When Thompson needed a pass-catching tight end in 2007, he brought up Malleck – then a 6-foot-2 freshman – to the varsity squad. Later, the Panthers sought a physical presence at free safety, and again, Malleck got the call.
“He’s also our placekicker,” Thompson said. “He’s just a great athlete and a great kid. He does extra points, he’s the field-goal kicker and he can throw the ball 60 yards. He’s got a cannon for an arm. If we were a traditional pocket-passing team, he could’ve played quarterback for us.”
Malleck’s versatility – along with his size and speed – caught the attention of coaches from a host of Big East and ACC schools, including Maryland. On Sunday night, the 6-foot-5, 230-pound tight end committed to the Terps.
“I knew they were one of his favorites,” Thompson said. “Rutgers came in later. I think his top three schools, before Rutgers came in, were North Carolina, Virginia and Maryland. And UConn and Central Florida, those were the other schools he was considering. But he was talking about staying close to home and playing in the ACC or the Big East.”
Malleck, who led Point Pleasant Borough in interceptions as a junior, wasn’t the first freshman to suit up for Thompson on the varsity squad. But the future Terp made an immediate impact as a ninth-grader and continued to progress over the course of the next two seasons.

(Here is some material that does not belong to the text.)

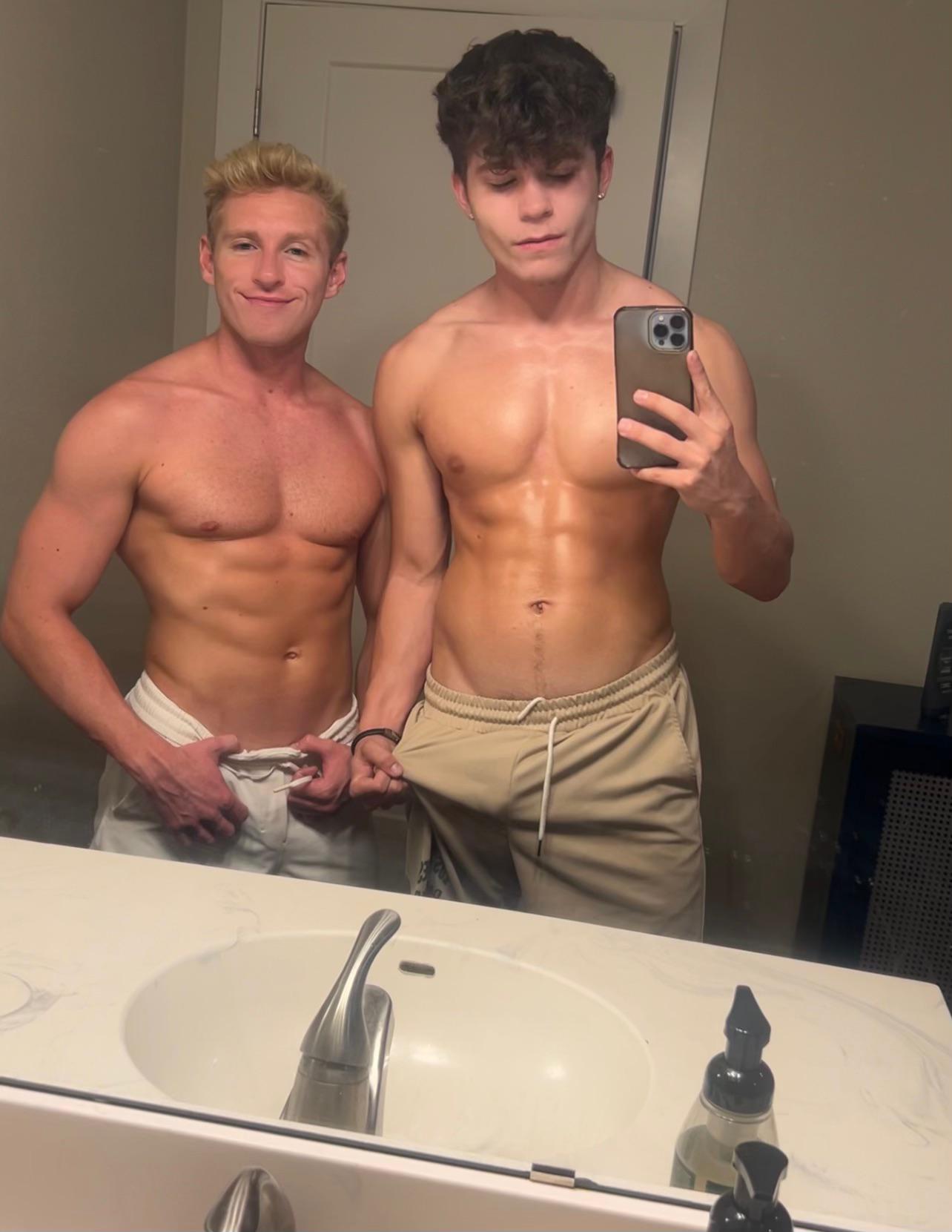 Gym bros : HotMaleSelfies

“He caught his first touchdown pass in a state playoff game. So we got him the ball right away and put him in the rotation,” Thompson said. “I had two receivers in front of him, and both are now college athletes – one down at Alabama who’s a decathlete in track, and another who’s the starting tight end at a [Division III] school up here, Kean University. So we had some good athletes in front of him, but sophomore year he made all-county and last year he made what we call the Super 100 All-State team, the Top 100 kids in the state.”
Thompson runs a system that’s similar to Navy’s offense, although the Panthers’ quarterback threw for more than 1,500 yards last season. Malleck, who benches more than 300 pounds and squats over 400, presents matchup nightmares for opponents thanks to his size and speed.
“His ability to run and his height [stands out],” Thompson said. “He’s a big help for us in stretching the field as a pass-catcher and blocking on the edge. … We split him out at split end and we’ll also have him at tight end, so he’s more than a pass-catching tight end. We don’t really play a traditional tight-end set. So I think that gives us an advantage as far as game planning. People always have to account for us throwing the football as well as running.”
Maryland was the first program to offer Malleck, according to Thompson. The Panthers coach thinks the Terps have a plan for Malleck once he arrives in College Park next fall.
“I believe they’ll use him as a pass-catching tight end,” Thompson said. “I really haven’t talked to them a lot as far as what they plan to do with him. We were just talking about the school and the ACC. They’re really high on him. They made him a priority.”